New Hollywood represented a seismic shift away from the safe, easily identifiable black-and-white heroes and villains of the 1950s, where the hero walked into the sunset with the girl. These films were made by men who were celebrated for their craft. However, New Hollywood introduced a new kind of filmmaker, those who went to film school and made movies because they loved movies. Young directors like Francis Ford Coppola, Martin Scorsese, Steven Spielberg, Peter Bogdanovich, and Brian De Palma created films about anti-heroes that were real and flawed, reflecting the changing times of the 1970s. We see these traits in characters like Michael Corleone, Travis Bickle, and Harry Callaghan, aka Dirty Harry.
Tarantino has made nine full-length films, and his long-awaited tenth and supposedly final film remains a mystery. Whether or not you enjoy his films, Tarantino is the one director in Hollywood every A-list actor wants a call from. Cinema Speculation captures some of that allure and gold-dust: a hyperactive, fanatical, kinetic lover of film who is still part pre-teen moviegoer, part video store clerk, and part Big Hollywood Director, mesmerised by the movies and how they make people feel.
After thoroughly enjoying Cinema Speculation and being a cinephile myself, I watched a few of Tarantino’s favourites, including some I hadn’t seen before. One of these was the 1973 movie Paper Moon, directed by Peter Bogdanovich.
Set during the Great Depression of the 1930s, the film follows a con man named Moses Pray who unexpectedly ends up traveling with a 9-year-old girl, Addie, whose mother has just passed away.

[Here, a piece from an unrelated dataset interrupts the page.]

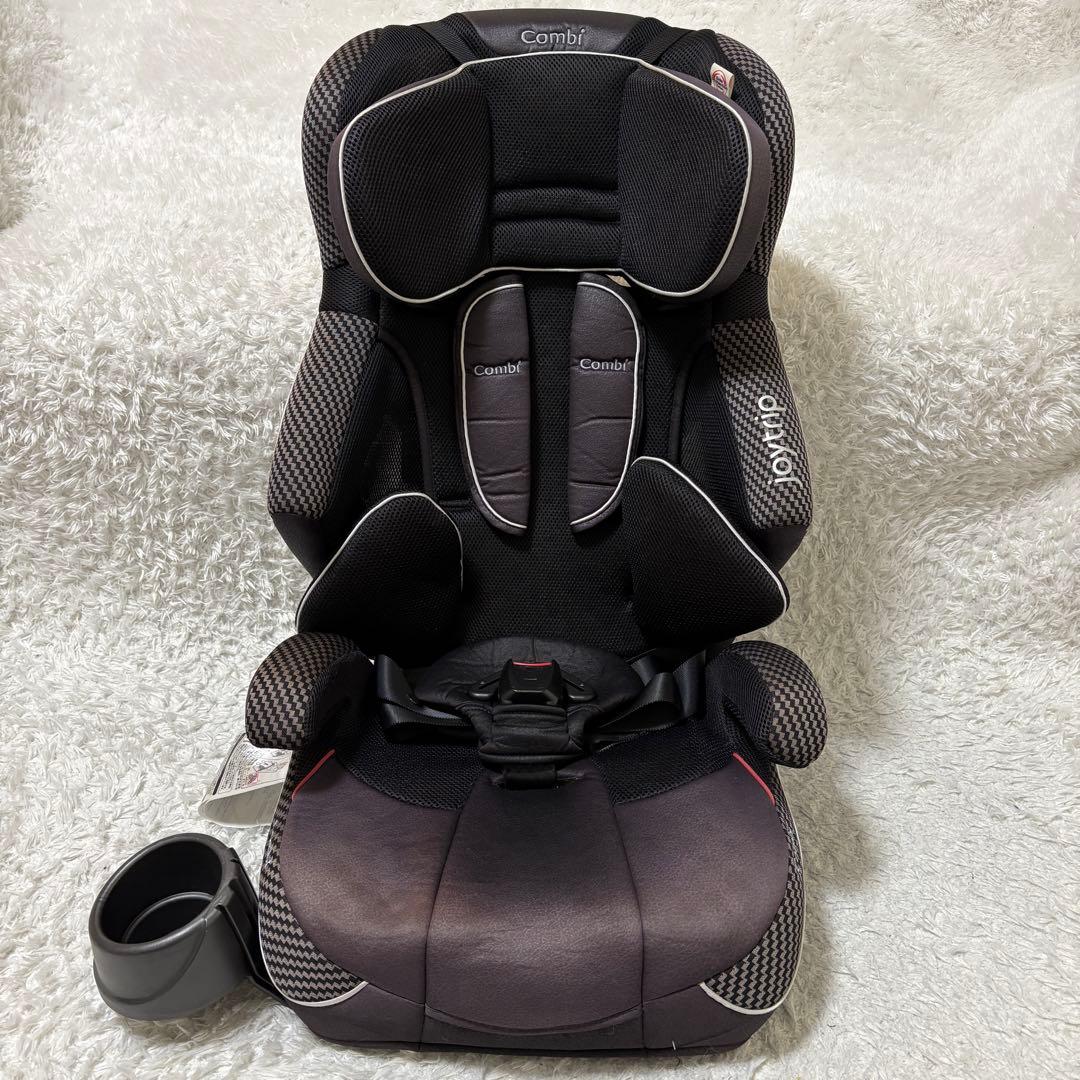 【極美品】combi コンビ ジョイトリップ エッグショック GC 14792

They form an unlikely partnership as they journey through the stark dust bowl of Kansas to take Addie to her relatives in Missouri.
There is a suggestion that Moses might be Addie’s father, and it’s perhaps not a coincidence that the roles are played by real-life father and daughter, Ryan O’Neal and Tatum O’Neal. Both are excellent in their roles, particularly Tatum O’Neal, who shows a maturity and presence far beyond her years. Her character is tough and savvy, often outsmarting Moses. Tatum’s performance earned her the Academy Award for Best Supporting Actress, making her the youngest person ever to win an Oscar, a record she still holds.
Bogdanovich recreates 1930s America with the help of cinematographer Laszlo Kovacs, who uses black-and-white film to add a nostalgic beauty that complements the Depression-era setting. While the movie centres on two con artists, it’s less about their con and more about their relationship. The film is poignant without being sentimental as Moses and Addie discover what they really need from each other.
The movie is based on the book Addie Pray by Joe David Brown, published in 1971. Bogdanovich, however, didn’t like the original title and proposed ‘Paper Moon’ instead. Unsure about the new title, he sought advice from his mentor, Orson Welles, who responded, “That title is so good, you shouldn’t even make the picture, just release the title!” Following the film’s release, they also changed the book’s title to ‘Paper Moon’.
Bogdanovich was one of the New Hollywood artistic filmmakers, recreating the Golden Thirties with the panache and style characteristic of the Golden Seventies. I can see why it’s a favourite of Tarantino’s. It has scams, broken families, Depression-era roads, and the tenderness of people trying to figure out if they belong to anyone.
With a book like Cinema Speculation, and a film like Paper Moon, it’s hard not to feel a sense of nostalgia. Nostalgia is a potent force in cinema and in life, capable of transporting us to different times and places, evoking emotions and memories long dormant.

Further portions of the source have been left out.